Old age should burn and rave at close of day;

Rage, rage against the dying of the light.

Though wise men at their end know dark is right,

Because their words had forked no lightning they

Do not go gentle into that good night.

Good men, the last wave by, crying how bright

Their frail deeds might have danced in a green bay,

Rage, rage against the dying of the light.

Wild men who caught and sang the sun in flight,

And learn, too late, they grieved it on its way,

Do not go gentle into that good night.

Grave men, near death, who see with blinding sight

Blind eyes could blaze like meteors and be gay,

Rage, rage against the dying of the light.

And you, my father, there on the sad height,

Curse, bless, me now with your fierce tears, I pray.

Do not go gentle into that good night.

Rage, rage against the dying of the light.

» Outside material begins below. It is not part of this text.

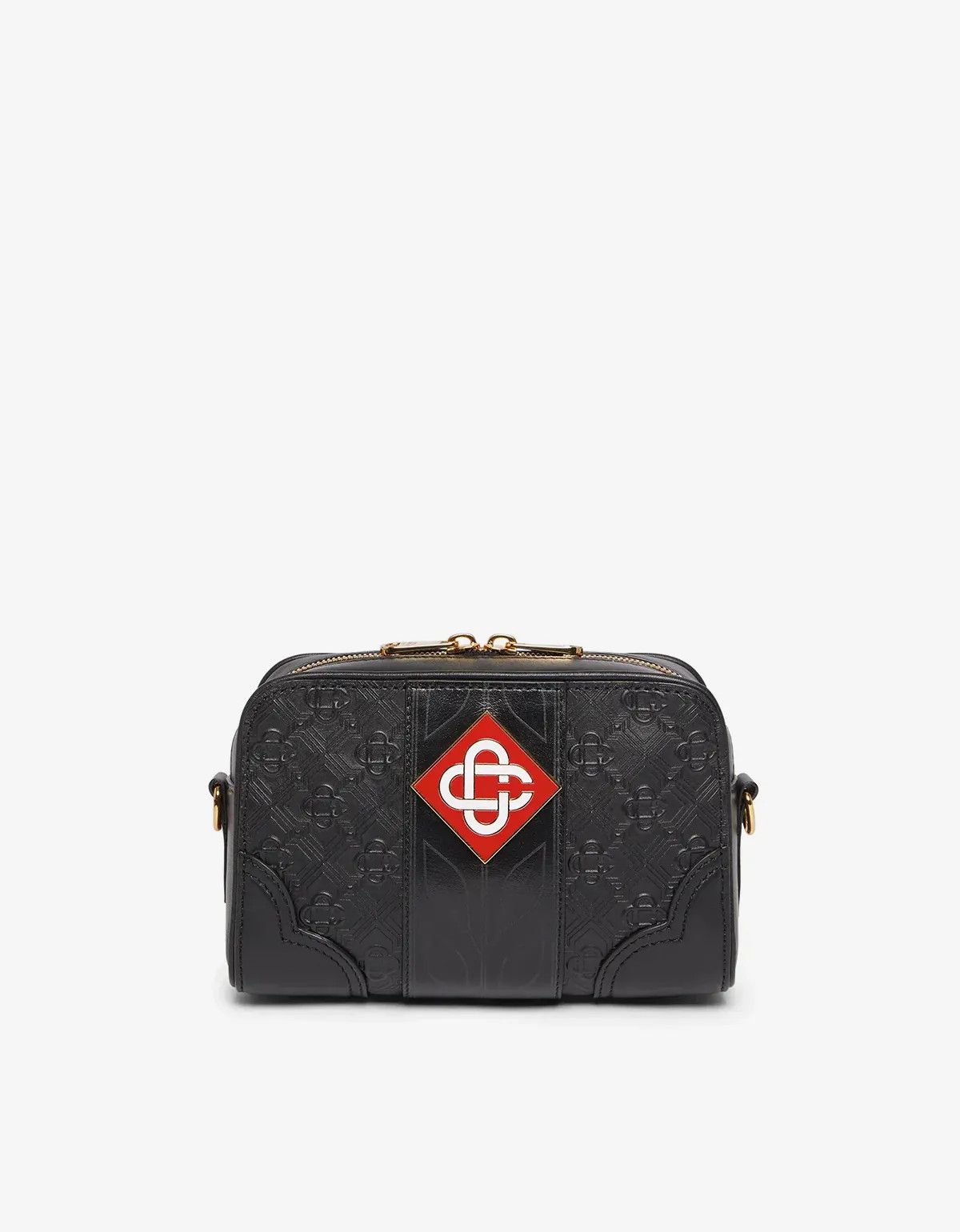 Casablanca Casablanca Black Monogram Crossbody Bag Size ONE SIZE - 1 Thumbnail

What images does Thomas create with his words in this stanza (what do you see in your head based on his descriptions)?:

Thomas wrote "Do not go gentle into that good night" during a very specific moment in Dylan Thomas's life. His father, David John Thomas, had first introduced him to the wonder of language by reading him Shakespeare before bed at night. Thomas's father was a grammar school teacher, but he had always wanted to be a poet but was never able to realize his dream. Thomas wrote "Do not go gentle into that good night" because his father was dying.